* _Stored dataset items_
»»
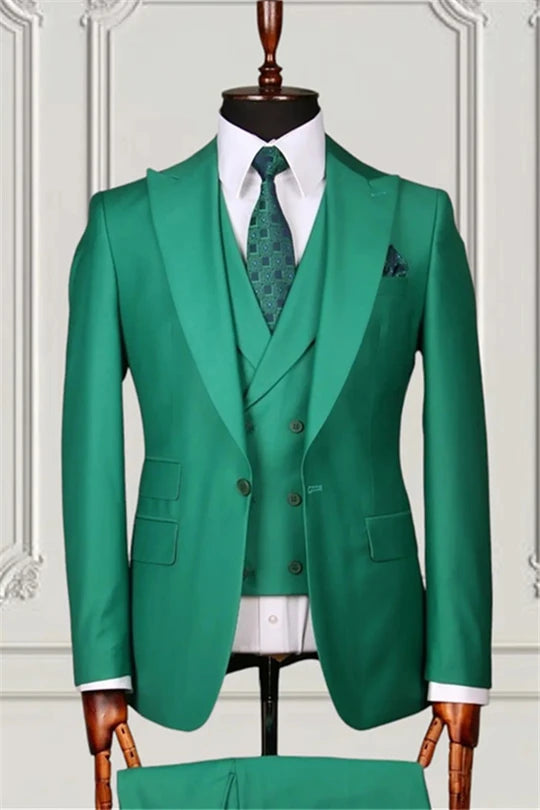 Suzhoufashion Green Three Pieces Prom Men Suits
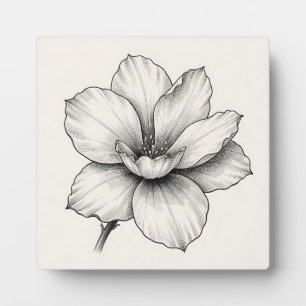 Vintage botanische Blumen-Tuschskizze Linie Fotoplatte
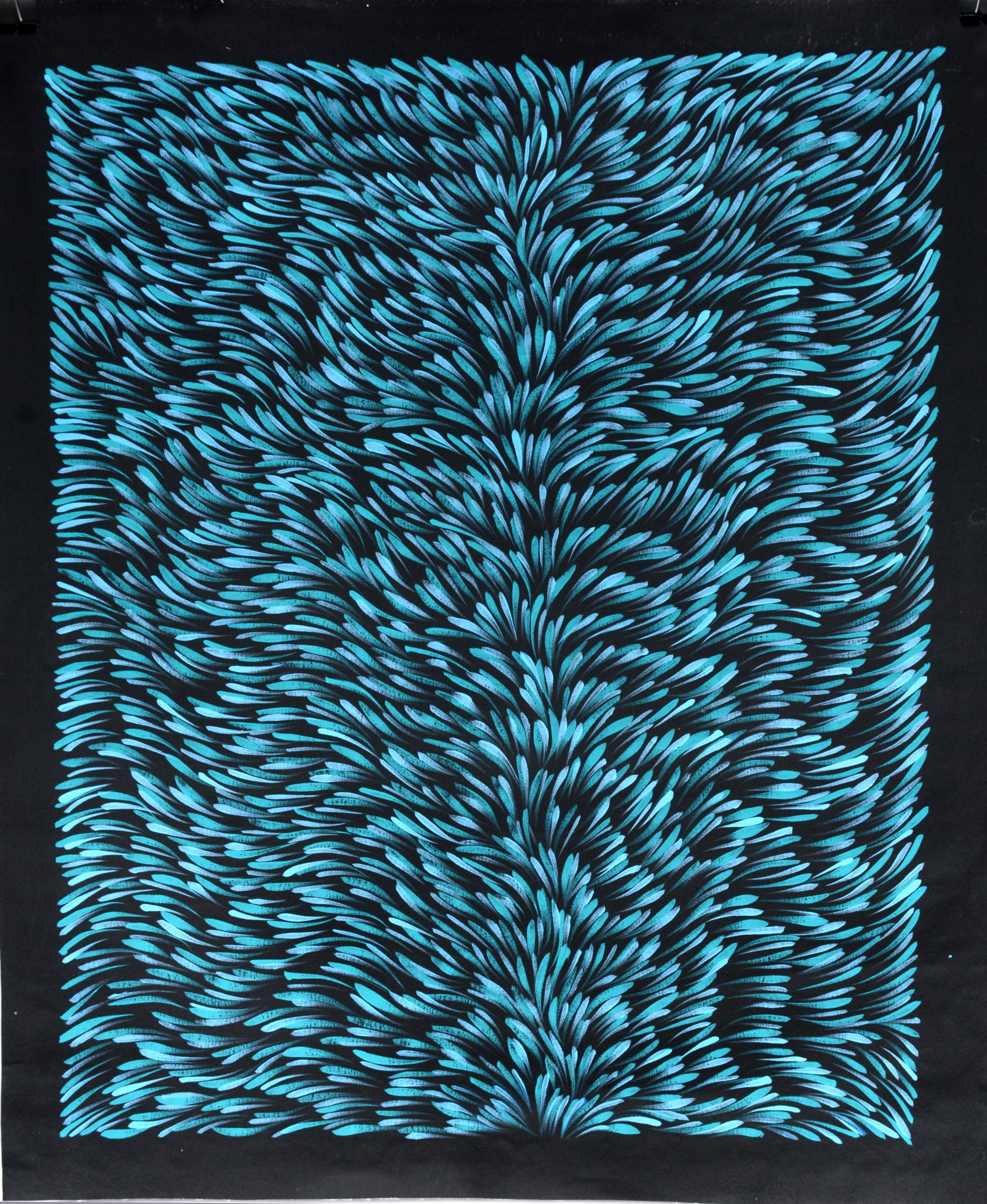 Gloria Petyarre. Blue & Black Flaming Bush Painting. (1 of 2)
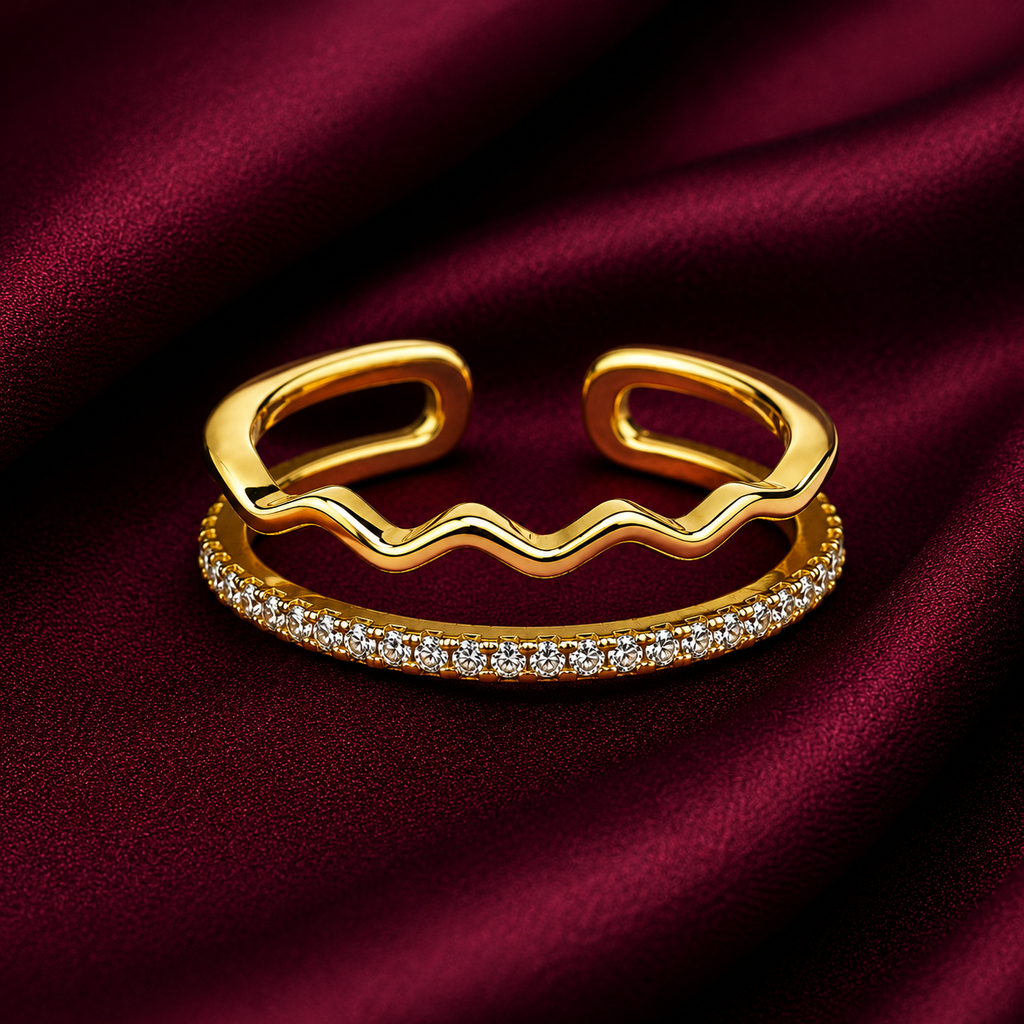 18K Dual Wave Crystal Open Ring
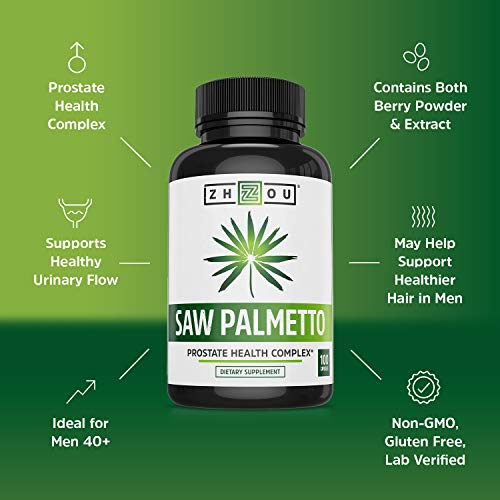 Zhou Nutrition Saw Palmetto Extract 500 mg, Prostate Health, Urinary Tract Support, DHT - AB Mystery
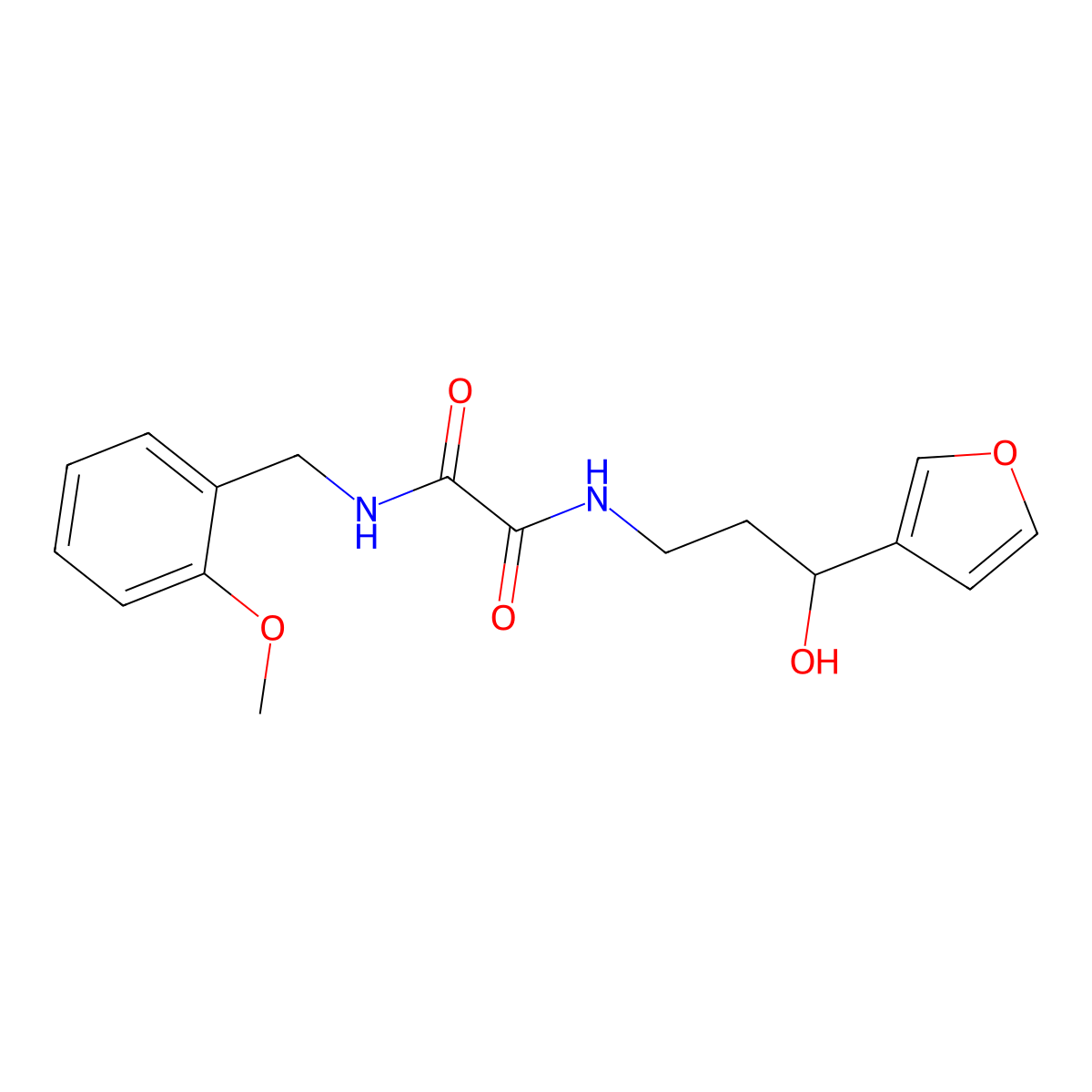 N1-(3-(furan-3-yl)-3-hydroxypropyl)-N2-(2-methoxybenzyl)oxalamide molecular structure, CAS 1428347-72-1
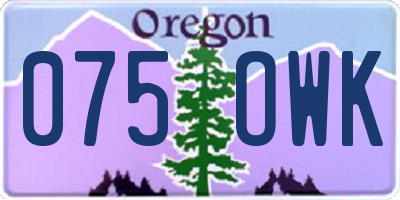 OR license plate 075OWK
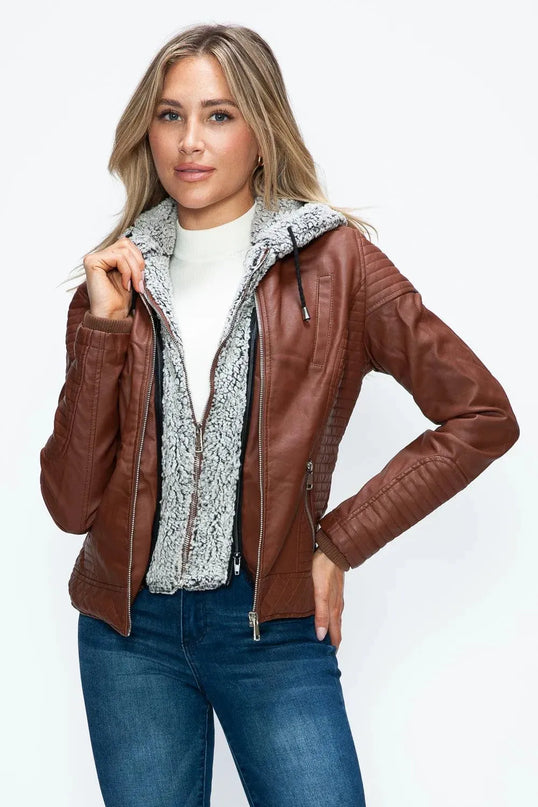 YMI Faux Layered Double-Zipper Jacket with Fuzzy Hood - ShopEasier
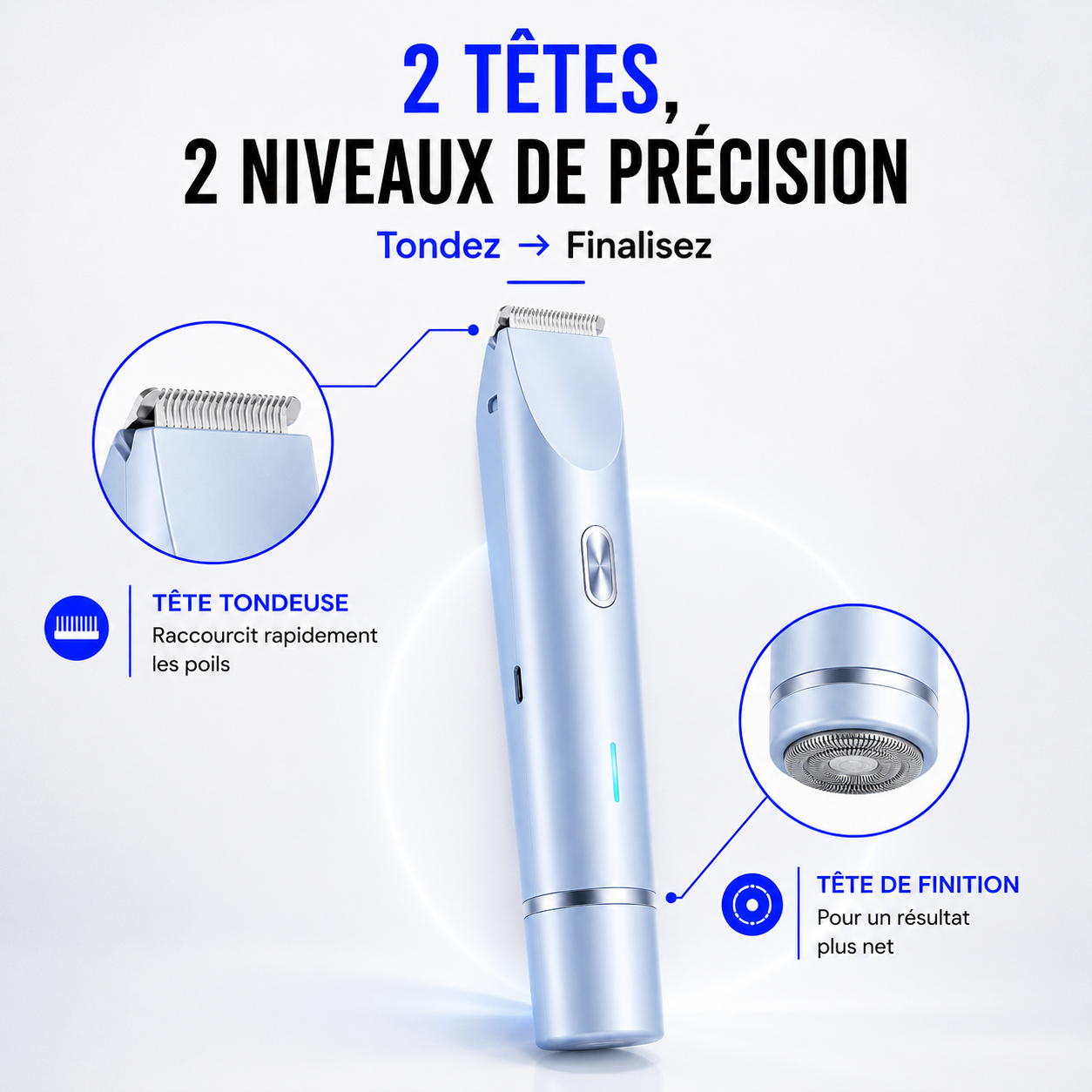 Rasoir Électrique Intime 3 en 1 – Rasage doux, sans douleur, ni irritation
««
* _EXERCISE AIM_
Leave the pictures out and restate exactly the lines from the one that has "Gloria Petyarre. Blue" through the final line of the entries above, both ends included.

* _RESPONSE BELOW_
 Gloria Petyarre. Blue & Black Flaming Bush Painting. (1 of 2)
 18K Dual Wave Crystal Open Ring
 Zhou Nutrition Saw Palmetto Extract 500 mg, Prostate Health, Urinary Tract Support, DHT - AB Mystery
 N1-(3-(furan-3-yl)-3-hydroxypropyl)-N2-(2-methoxybenzyl)oxalamide molecular structure, CAS 1428347-72-1
 OR license plate 075OWK
 YMI Faux Layered Double-Zipper Jacket with Fuzzy Hood - ShopEasier
 Rasoir Électrique Intime 3 en 1 – Rasage doux, sans douleur, ni irritation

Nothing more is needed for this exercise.